Based on this advice I've switched to blue on light beige (#0000C0 on #FFFFC0). It has a strong contrast in two channels, no change in the third, and suits my office (reasonably bright, but lit with non-natural light). So far, this is working well for me.
A little slash-trivia here:
You can also notice the refresh of a CRT if you chew on something hard, like peanuts, while staring at the screen. The crushing action of your teeth vibrates your head just enough to interface with the screen's refresh rate, causing the picture to "bounce" and shear in your field of view.
Plus, the chicks will just assume...
I can't stress the "ClearType" sub-pixel rendering enough.
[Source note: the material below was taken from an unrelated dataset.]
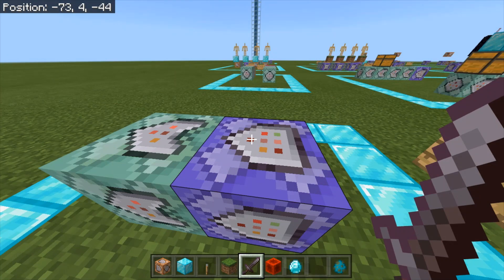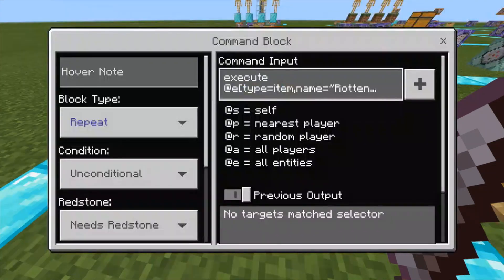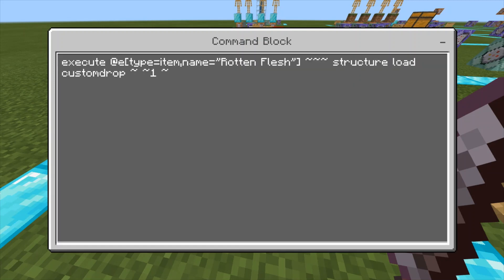Let me explain what this is if you don't understand. Basically this is making mobs drop custom items, and you can customise this to whatever you want. So as you can see here, the first command we need is a repeat unconditional always active redstone command block. Execute on first tick on, delay ticks 0. The command is: execute at @e type equals item, name equals rotten flesh in quotation marks, tilde tilde tilde structure load custom drop tilde tilde one tilde. So what this is doing is executing at all entities named rotten flesh to load the structure of custom drop a block above them.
At work i switched from a CRT to an LCD and got eyestrain almost immediately afterwords. Enabling that feature caused the problem to go away just as fast.
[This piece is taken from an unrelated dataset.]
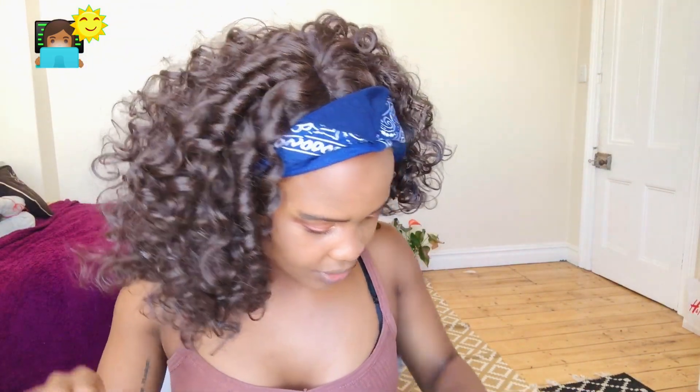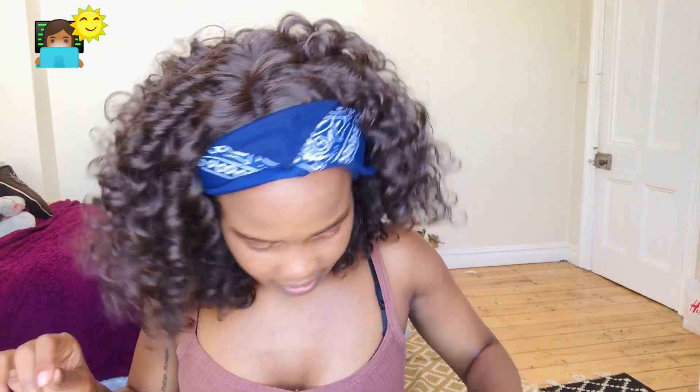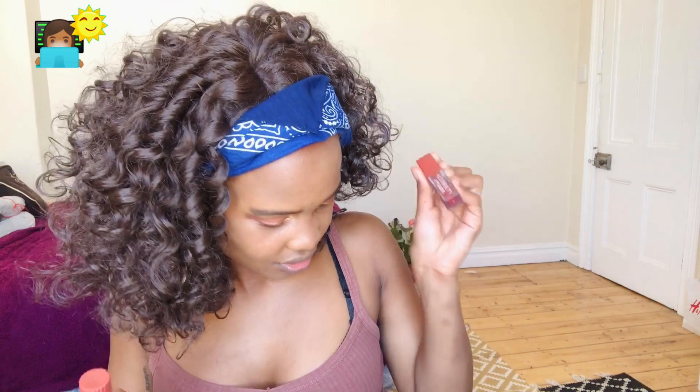I've done my eyebrows — snuck that into the tutorial. Now I'm doing my lips, which is always fun because I like mixing and combining colors. This is the orange — this is the color I want.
Most people are right handed but some are left handed. Most people prefer light background and others like me prefer dark. You may be the same. Unfortunately most of the web is pretty much hardcoded to have blinding white backgrounds so after years of slogging through style-sheets and app-defaults I gave up and used the sledghammer approach. I now run everything in a VNC server and use a hacked vncviewer to render the world in reverse video. I'm happy and the patch is here http://www.vnc.cz/pipermail/vnc-list/2006-January/053794.html. I'm thinking of moving to Xvfb with a hacked x11vnc as that might give a more up to date X-server and will work with Windows viewers.
Also works with low and pedal tones on a brass (low brass pref) instrument. Makes the digits on a LED digital clock waver and bounce slowly in addition to seeing screen refresh.
The color I have found that works best is orange on green. This color pair has to be tuned so that the level of green primary in the orange is equal to the level of green in the background. This ensures that the boundary edge between foreground and background colors is limited to a single color. With the contrast being in a single color, it can remain in sharp focus regardless of the color error of the lens in the eyes or corrective lenses many people use. While red on black would maintain the same sharpness, having an added green base color increases the illumination level, causing pupils to contract to a smaller opening, increasing depth of field and improving focus and visual sharpness. Adding some blue to the base color (approximately pink on dark cyan) can also work. Just be sure that the foreground color has as much green and blue as the background color.
now we need to go OSS in diesel cars
I'd be more worried about the fact that "things" are judging you...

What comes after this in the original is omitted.